◆ Goal of the exercise ◆
Set down exactly the lines below, starting at the one that contains "Gjelaj: Nënshkrova kontratën" and ending at the one that contains "Rossi senang start kedua di belakang Marquez", with both of those lines included and nothing else.

◆ Records for the task ◆
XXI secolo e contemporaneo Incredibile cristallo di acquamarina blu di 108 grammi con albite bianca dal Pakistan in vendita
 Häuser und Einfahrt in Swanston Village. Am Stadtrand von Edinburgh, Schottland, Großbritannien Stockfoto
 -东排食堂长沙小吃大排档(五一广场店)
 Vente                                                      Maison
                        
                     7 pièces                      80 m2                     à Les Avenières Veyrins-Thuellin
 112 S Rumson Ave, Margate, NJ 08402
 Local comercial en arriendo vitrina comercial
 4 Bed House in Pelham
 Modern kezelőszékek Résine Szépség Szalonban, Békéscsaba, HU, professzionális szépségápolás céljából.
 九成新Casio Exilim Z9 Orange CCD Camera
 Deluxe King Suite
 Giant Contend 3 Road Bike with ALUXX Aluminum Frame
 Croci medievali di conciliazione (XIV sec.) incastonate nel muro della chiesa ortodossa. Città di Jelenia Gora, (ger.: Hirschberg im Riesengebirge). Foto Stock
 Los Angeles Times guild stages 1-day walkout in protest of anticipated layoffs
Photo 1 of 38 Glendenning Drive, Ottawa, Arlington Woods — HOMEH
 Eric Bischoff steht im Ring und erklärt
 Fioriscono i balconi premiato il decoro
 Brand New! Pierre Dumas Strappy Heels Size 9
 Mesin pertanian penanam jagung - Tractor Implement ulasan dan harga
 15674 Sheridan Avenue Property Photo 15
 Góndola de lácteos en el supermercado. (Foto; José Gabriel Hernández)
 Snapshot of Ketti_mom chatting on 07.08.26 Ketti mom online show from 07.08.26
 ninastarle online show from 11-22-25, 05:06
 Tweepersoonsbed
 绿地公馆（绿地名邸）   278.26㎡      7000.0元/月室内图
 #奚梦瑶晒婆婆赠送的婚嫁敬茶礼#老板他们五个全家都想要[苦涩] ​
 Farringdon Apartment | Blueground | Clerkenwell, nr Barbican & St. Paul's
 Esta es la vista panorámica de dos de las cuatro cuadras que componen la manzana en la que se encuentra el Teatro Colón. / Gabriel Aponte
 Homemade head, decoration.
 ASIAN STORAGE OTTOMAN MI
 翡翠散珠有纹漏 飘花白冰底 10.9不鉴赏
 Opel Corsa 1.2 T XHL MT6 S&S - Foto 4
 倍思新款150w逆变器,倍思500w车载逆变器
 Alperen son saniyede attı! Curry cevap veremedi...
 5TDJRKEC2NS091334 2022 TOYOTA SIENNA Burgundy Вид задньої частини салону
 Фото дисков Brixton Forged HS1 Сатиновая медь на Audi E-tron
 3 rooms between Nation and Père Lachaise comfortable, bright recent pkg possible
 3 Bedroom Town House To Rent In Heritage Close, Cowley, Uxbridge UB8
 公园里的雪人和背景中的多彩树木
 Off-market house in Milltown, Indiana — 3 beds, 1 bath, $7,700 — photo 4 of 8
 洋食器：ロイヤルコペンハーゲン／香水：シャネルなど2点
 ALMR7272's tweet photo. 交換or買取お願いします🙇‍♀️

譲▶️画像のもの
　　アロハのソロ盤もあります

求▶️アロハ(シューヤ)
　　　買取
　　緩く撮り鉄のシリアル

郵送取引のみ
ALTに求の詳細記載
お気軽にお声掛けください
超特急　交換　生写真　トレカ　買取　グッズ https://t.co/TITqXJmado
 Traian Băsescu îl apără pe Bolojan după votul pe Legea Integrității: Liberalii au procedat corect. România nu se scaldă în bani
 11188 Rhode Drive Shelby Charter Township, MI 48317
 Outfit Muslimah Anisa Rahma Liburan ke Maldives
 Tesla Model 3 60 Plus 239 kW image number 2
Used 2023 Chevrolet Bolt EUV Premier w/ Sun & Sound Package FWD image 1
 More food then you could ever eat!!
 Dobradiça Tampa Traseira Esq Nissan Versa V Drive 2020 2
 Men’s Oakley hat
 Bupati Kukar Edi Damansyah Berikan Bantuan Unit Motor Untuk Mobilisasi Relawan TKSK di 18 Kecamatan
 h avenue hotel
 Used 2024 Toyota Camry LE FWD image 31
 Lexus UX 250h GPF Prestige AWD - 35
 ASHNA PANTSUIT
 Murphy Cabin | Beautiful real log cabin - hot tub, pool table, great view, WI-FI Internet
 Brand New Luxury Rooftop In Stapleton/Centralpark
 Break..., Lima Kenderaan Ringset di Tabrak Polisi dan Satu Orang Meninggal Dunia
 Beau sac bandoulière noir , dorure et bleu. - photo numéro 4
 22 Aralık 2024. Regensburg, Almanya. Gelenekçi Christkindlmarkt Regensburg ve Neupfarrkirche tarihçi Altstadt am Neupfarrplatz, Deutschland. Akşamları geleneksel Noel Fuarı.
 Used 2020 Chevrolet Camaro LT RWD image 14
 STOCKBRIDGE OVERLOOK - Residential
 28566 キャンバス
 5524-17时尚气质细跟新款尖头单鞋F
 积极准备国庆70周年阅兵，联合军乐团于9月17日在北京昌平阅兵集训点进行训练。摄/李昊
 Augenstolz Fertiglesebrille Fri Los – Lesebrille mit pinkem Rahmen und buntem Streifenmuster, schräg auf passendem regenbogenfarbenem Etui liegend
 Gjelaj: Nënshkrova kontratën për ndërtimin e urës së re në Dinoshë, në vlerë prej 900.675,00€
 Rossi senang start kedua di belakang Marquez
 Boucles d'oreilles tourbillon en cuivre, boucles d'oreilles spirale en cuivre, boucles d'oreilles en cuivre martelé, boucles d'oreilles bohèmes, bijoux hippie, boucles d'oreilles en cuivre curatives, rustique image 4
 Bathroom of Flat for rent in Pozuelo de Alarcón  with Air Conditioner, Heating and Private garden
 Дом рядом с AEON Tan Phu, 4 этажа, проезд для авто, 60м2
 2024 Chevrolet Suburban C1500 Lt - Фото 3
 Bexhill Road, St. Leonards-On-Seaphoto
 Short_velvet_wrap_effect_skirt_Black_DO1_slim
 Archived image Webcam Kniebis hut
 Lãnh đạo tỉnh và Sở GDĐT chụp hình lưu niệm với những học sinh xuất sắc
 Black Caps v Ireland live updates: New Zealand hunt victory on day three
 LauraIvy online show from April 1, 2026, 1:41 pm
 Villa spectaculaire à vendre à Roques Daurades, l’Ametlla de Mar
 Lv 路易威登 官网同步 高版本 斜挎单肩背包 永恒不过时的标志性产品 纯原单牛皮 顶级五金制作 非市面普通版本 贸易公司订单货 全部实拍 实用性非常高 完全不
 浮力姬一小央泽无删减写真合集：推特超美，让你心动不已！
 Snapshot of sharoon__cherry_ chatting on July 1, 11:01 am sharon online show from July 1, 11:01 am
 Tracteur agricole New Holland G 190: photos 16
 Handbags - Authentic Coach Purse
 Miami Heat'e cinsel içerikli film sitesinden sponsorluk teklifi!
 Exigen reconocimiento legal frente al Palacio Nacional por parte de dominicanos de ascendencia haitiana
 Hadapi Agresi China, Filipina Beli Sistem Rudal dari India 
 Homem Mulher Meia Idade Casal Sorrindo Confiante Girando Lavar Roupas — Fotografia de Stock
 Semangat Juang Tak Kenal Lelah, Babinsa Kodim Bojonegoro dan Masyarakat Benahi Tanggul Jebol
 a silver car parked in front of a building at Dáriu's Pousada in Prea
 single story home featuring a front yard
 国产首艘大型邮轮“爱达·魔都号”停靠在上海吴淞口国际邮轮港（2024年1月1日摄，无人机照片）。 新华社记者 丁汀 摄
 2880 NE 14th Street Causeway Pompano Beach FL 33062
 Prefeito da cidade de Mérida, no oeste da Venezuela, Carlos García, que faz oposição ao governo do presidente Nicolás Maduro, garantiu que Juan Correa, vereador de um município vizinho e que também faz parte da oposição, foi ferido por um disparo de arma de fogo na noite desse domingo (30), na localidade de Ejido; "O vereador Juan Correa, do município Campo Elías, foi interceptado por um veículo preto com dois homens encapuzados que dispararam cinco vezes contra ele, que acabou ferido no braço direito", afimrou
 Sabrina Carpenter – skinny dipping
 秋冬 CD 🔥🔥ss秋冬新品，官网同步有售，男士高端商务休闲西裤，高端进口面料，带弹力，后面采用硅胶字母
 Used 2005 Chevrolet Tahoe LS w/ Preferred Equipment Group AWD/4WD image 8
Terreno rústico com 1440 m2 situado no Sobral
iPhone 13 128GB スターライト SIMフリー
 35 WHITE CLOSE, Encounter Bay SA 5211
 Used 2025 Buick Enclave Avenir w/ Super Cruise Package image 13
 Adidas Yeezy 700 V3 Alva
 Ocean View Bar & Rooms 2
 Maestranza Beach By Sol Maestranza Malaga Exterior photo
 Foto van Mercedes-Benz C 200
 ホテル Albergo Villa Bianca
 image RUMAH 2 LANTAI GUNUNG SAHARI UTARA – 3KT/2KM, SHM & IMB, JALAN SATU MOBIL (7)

◆ Result below ◆
 Gjelaj: Nënshkrova kontratën për ndërtimin e urës së re në Dinoshë, në vlerë prej 900.675,00€
 Rossi senang start kedua di belakang Marquez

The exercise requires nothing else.